## Required work
In the records below, the relevant part opens with the line containing "Hi! So in this" and closes with the line containing "So that is basically"; print that part exactly and only, without its pictures.

** Opening Data excerpts block **

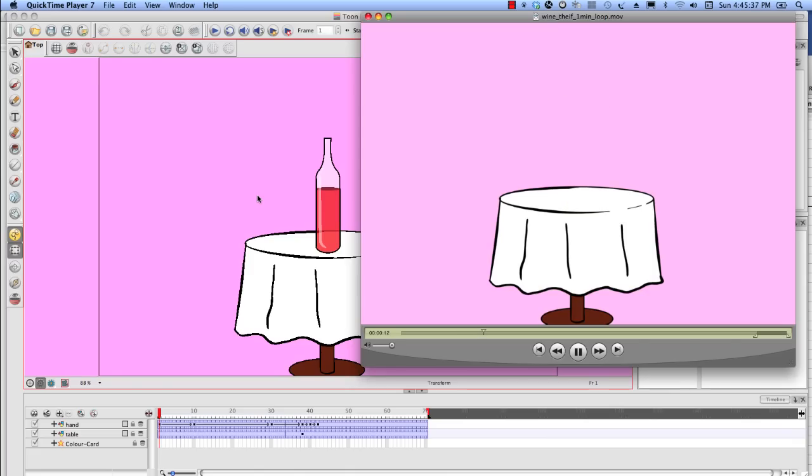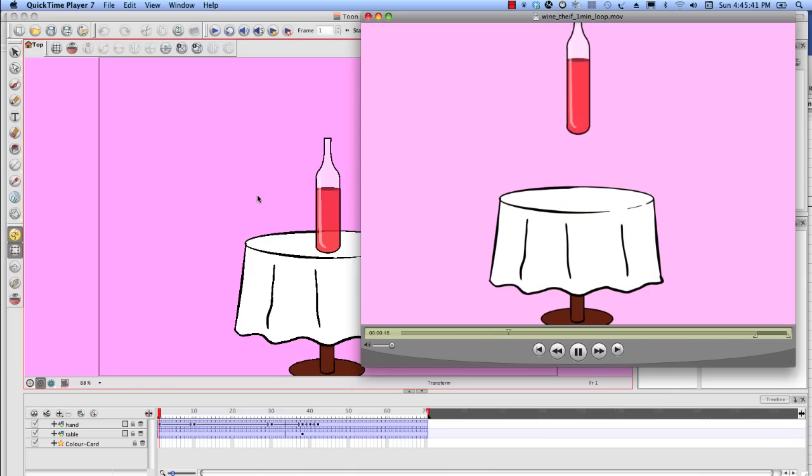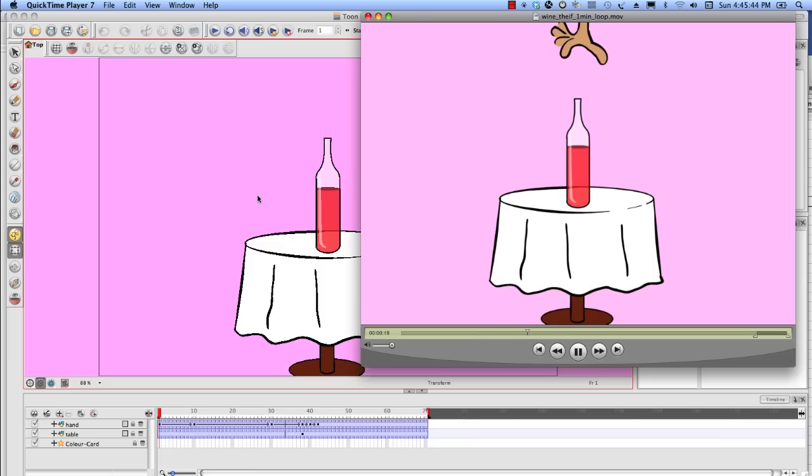Hey campers, this is Tony Ross for TonyTeach.com and in this premium tutorial, Wine Thief, I'm going to spend about 50 minutes showing different techniques I use in Toon Boom Animate.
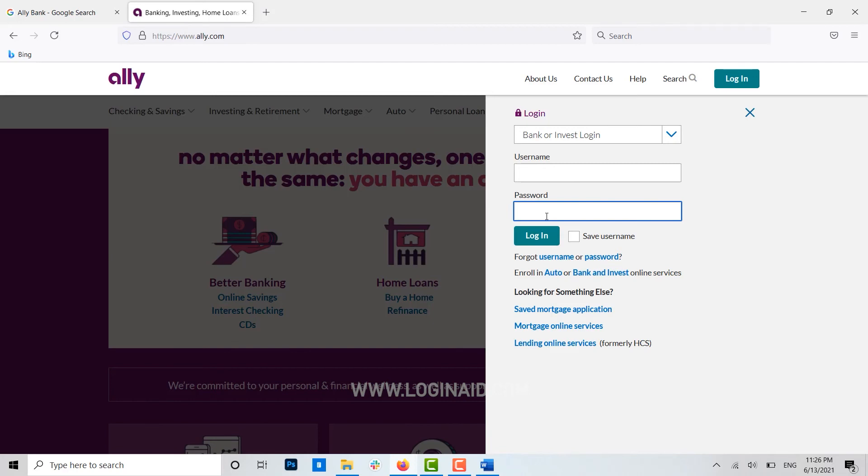Hope this video was useful and you have learned how easily you can register yourself for online banking with Ally Bank. Please like and subscribe to the Login Aid channel, and also don't forget to click on the bell icon for notifications and updates. Thank you.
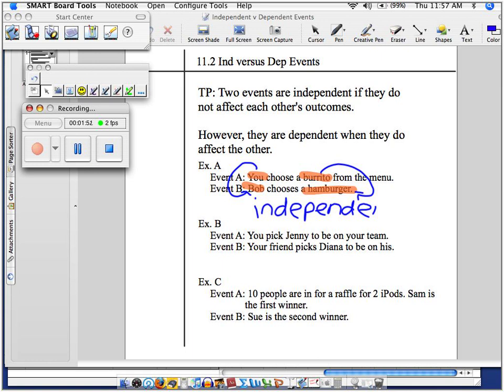Some of you guys might say, well, maybe Bob didn't want to copycat me. Maybe Bob wanted to be his own guy, and so he didn't want to end up getting the same thing I did because he doesn't like copying people. So of course Mr. Kim is dependent, he's not going to choose a burrito himself. I hear that too, I hear that.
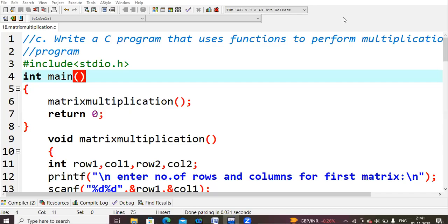In this lecture we are going to learn about the multiplication of matrices and how we are going to implement that in C language. The question is: write a C program that uses functions to perform multiplication of a matrix. Previously in the earlier lectures we had already seen functions for addition of matrices, and in a similar fashion here we are using functions for calculating the multiplication of a matrix.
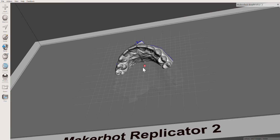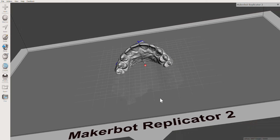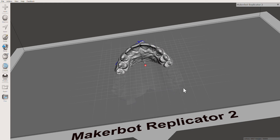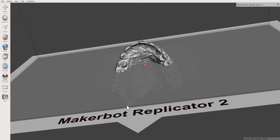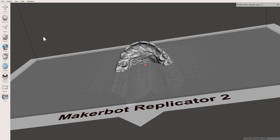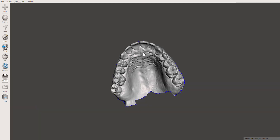The first thing you'll notice is that there's a grid and a printer bed. I typically don't like to edit with them on, so I'm going to turn them off by going into View, deselecting 'Show Grid' and deselecting 'Show Printer Bed.' Now we've got this free-floating STL model.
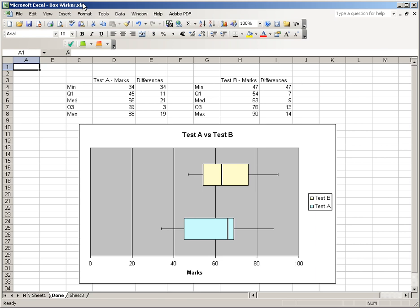Hello, today we are going to make box and whisker plots in Excel 2003, a little bit dated. It can be done using a stacked bar chart, column chart, and then we have to modify it so it looks like a box and whisker. In the end, this is the result, and I'll take you through the steps to get you here.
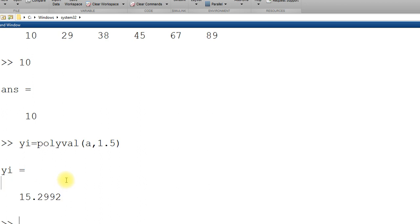This is a straightforward application of polyfit and polyval. Hope it's clear. Good luck for quiz tomorrow inshallah.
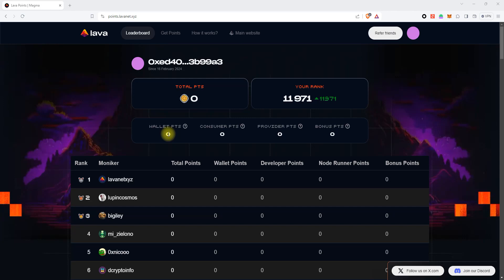This initiative allows participants to accumulate points by switching their wallet's blockchain connection to Lava.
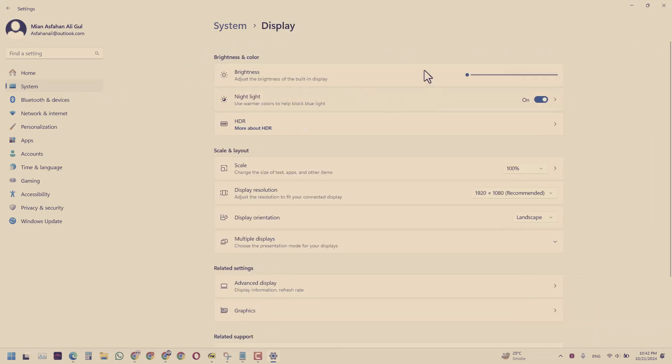Now in the display, I have an option clicked here which says night light and use warmer colors to help block blue light, and it is turned on.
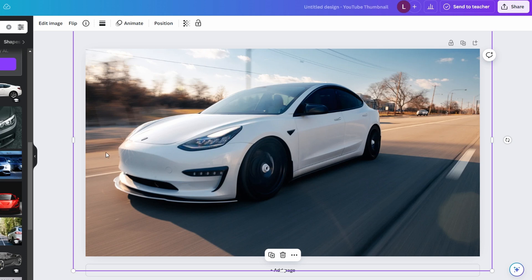In today's video I'm going to show you how to remove backgrounds in Canva. Start by opening Canva and create a new design or select an existing one where you want to remove the background from an image.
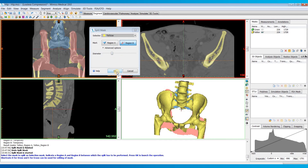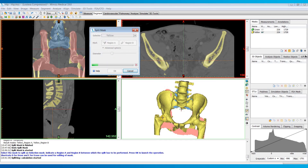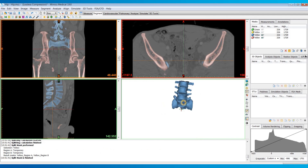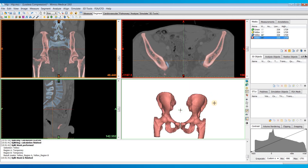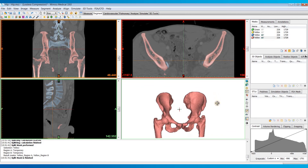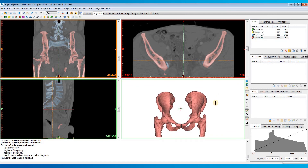I'm going to hit OK. You can see it has split off the sacrum for us — we now have two new masks: the blue one with the sacrum and the red one for region B that contains the pelvis and the femurs.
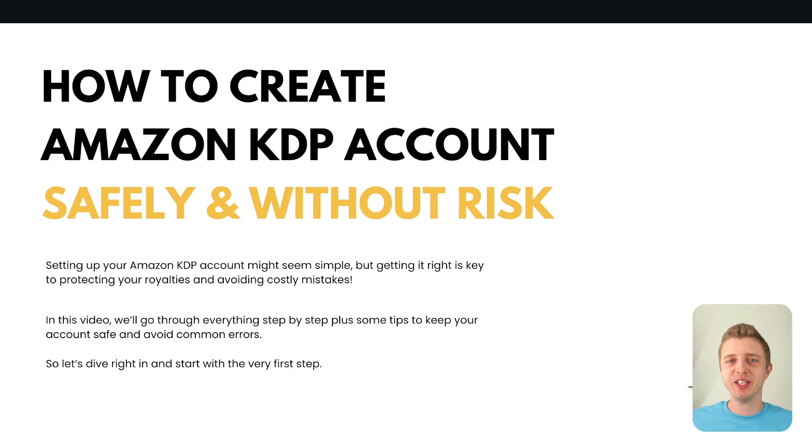Hi! So in this video I'm going to show you how you can correctly and safely set up your Amazon KDP account.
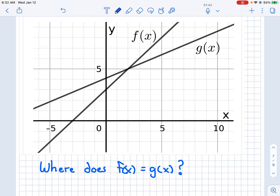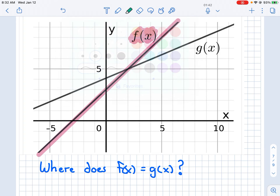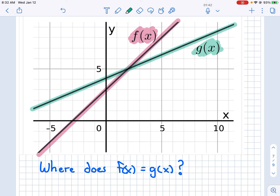All right, so this is question 29. Where does f of x equal g of x? So where are they the same? We're looking for the point where they cross each other, and the point where they cross is right here.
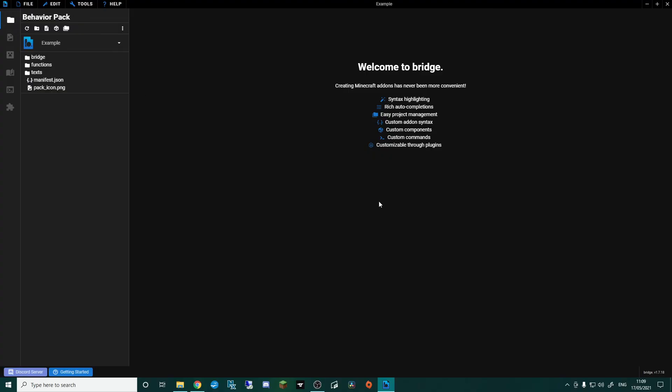So that is basically getting our workspace set up. We've got Bridge installed. We've got an image tool. I'm going to be using GIMP. You can use whatever you want, but we've got everything in place now that we can start making our own add-ons.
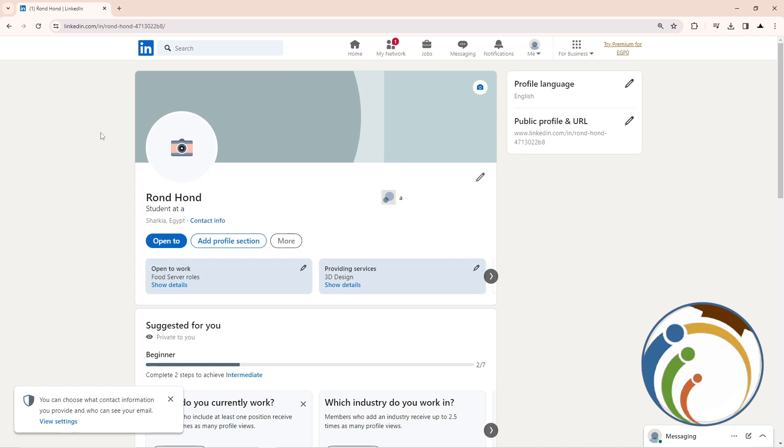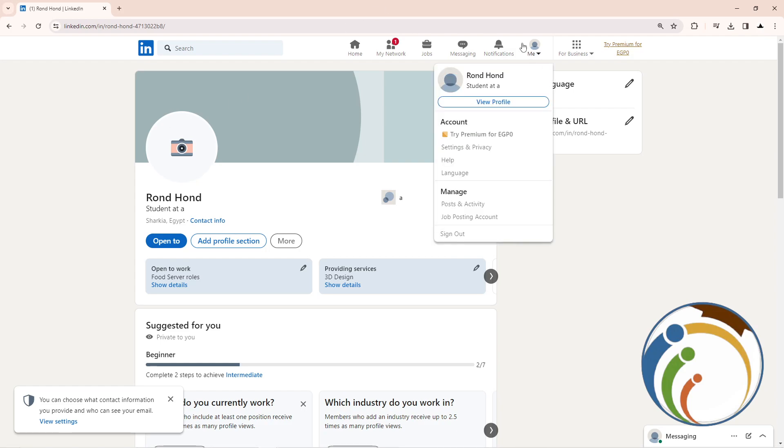All you have to do here is go and click on 'Me' and then click on 'View Profile'—sorry, 'Settings and Privacy.' Once you click on Settings and Privacy...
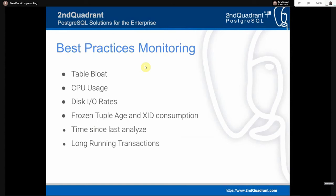Some best practices for monitoring: the big one for this presentation is frozen tuple age. You also want to look at disk IO rates and CPU usage, since freezing and vacuuming do use these resources. Other things to monitor include time since last analyze, long-running transactions, and table bloat.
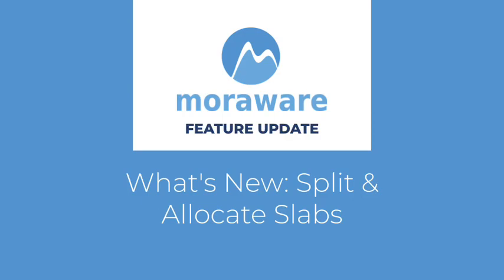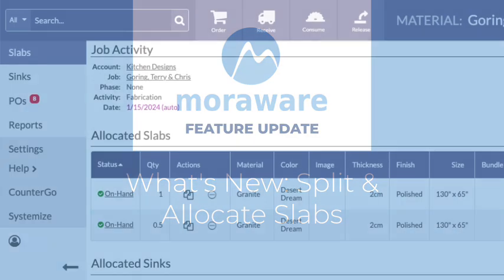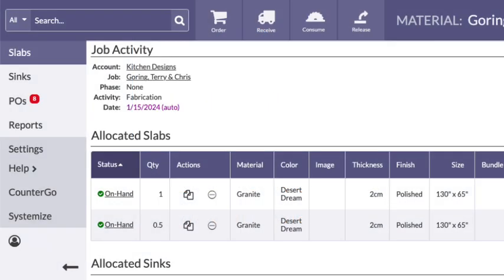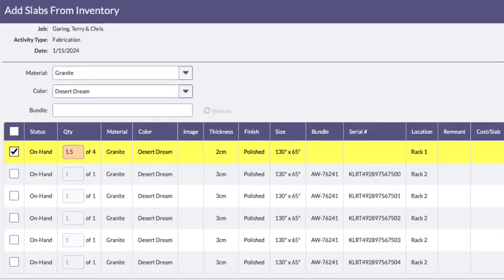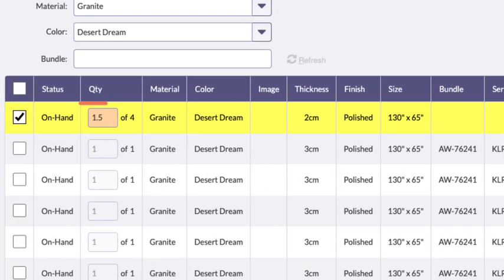Wondering what's new? Moraware Inventory Slabs can now be split when only part of a slab is needed. Enter a decimal amount when allocating material for pieces less than a full slab.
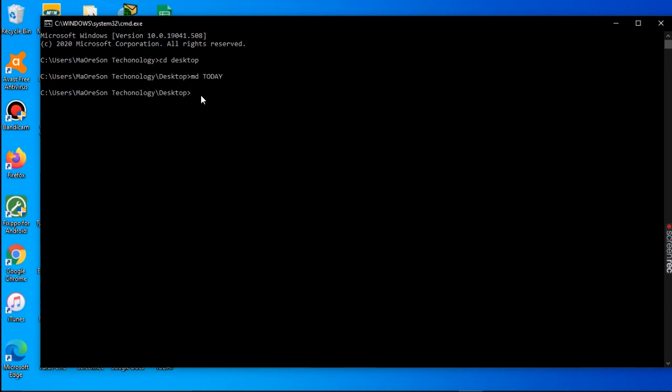Next, we are going to create a folder inside another folder. We use the 'cd today' command to navigate into the folder we just created. Now we are inside that folder and we are going to create another folder inside it, naming it 'tomorrow'.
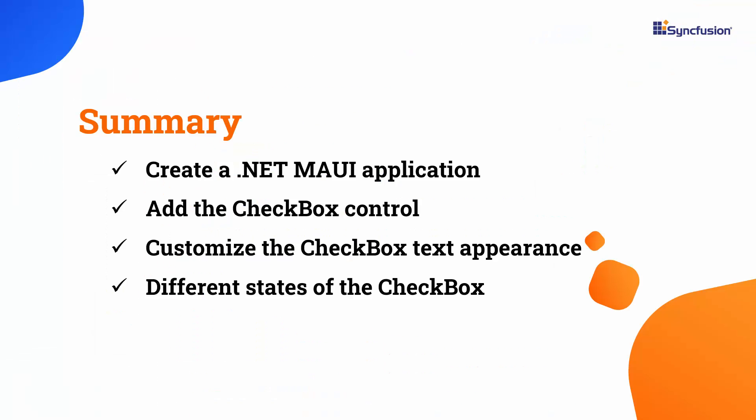In this video, I have demonstrated how to create a .NET MAUI application and incorporate a Syncfusion checkbox control. I showed you how to customize the appearance of the checkbox text and programmatically select checkboxes. I also showed you how to add a group of checkboxes and the different states. To learn more about checkbox features, you can check the documentation link provided in the description below. I have also included a link in the description to check if you qualify for our community license, which gives you a free license key for our entire .NET MAUI control suite. If you found this video useful, don't forget to click the like button and subscribe to our channel to watch more videos like this. Thanks for watching.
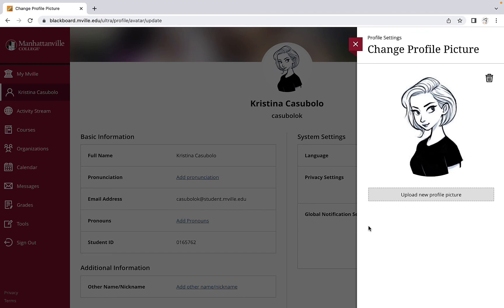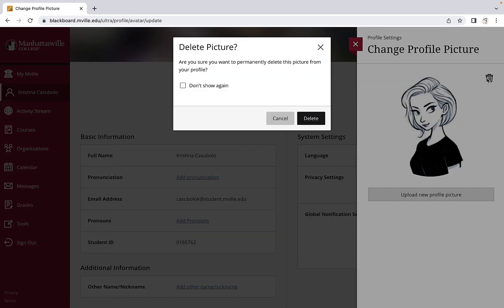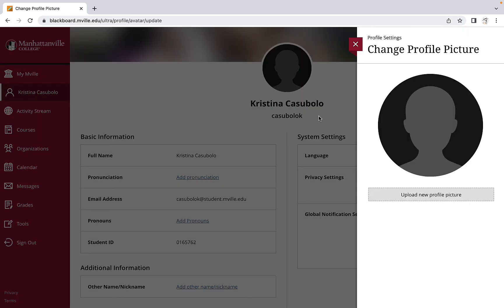To replace or get rid of an existing avatar, click the trash can icon found at the top right of the profile settings pop-up titled Change Profile Picture on the right hand side of your screen. Then you can start the process all over again to put in a new profile picture.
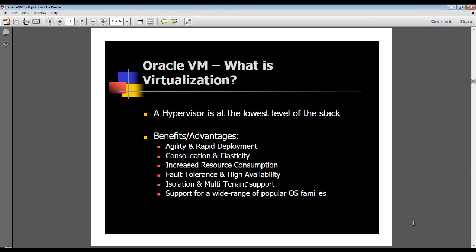These are some of the advantages that you have with virtualization. Nowadays, cloud computing is all the rage and hype. Everybody is talking about the cloud, which is synonymous in certain ways — in a majority of the accepted terms — to what cloud computing represents. Essentially, cloud computing and virtualization go hand in hand.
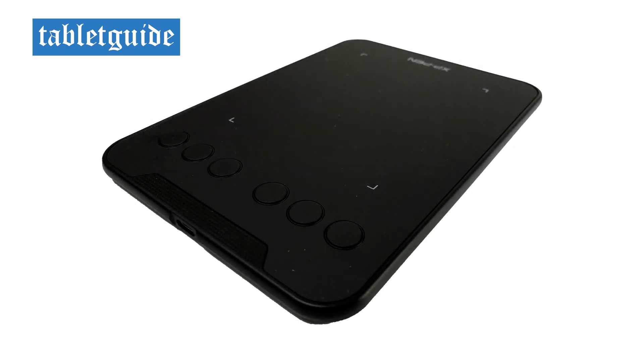The tablet itself has six programmable shortcut buttons running vertically down the left side. Also on the left side is the USB port for the power lead.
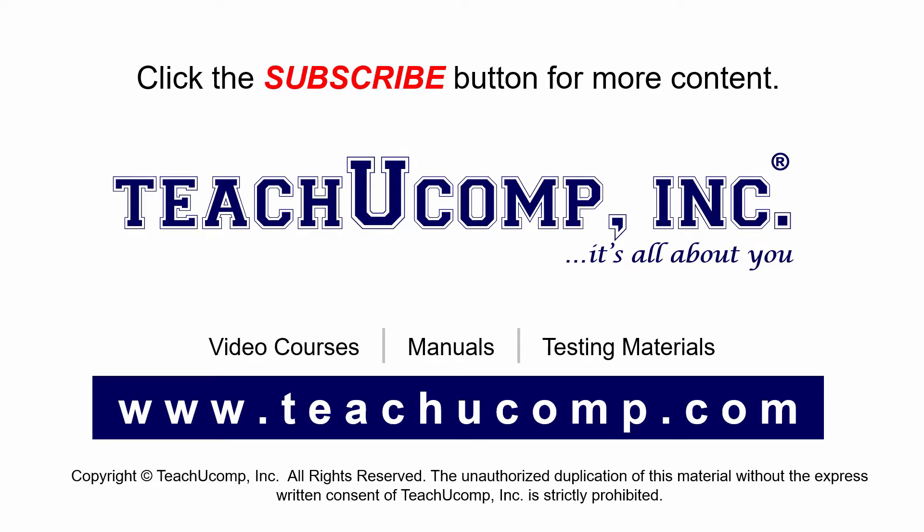If you like our video, click the subscribe button to subscribe to our channel and get easy access to new content. To see our full suite of ad-free video courses and training materials, visit us at teachucomp.com.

** Closing Data excerpts block **

## Solution to the problem
Hi! So in this video I'm going to show you how you can correctly and safely set up your Amazon KDP account.
All right, so this is question 29. Where does f of x equal g of x? So where are they the same? We're looking for the point where they cross each other, and the point where they cross is right here.
So that is basically getting our workspace set up. We've got Bridge installed. We've got an image tool. I'm going to be using GIMP. You can use whatever you want, but we've got everything in place now that we can start making our own add-ons.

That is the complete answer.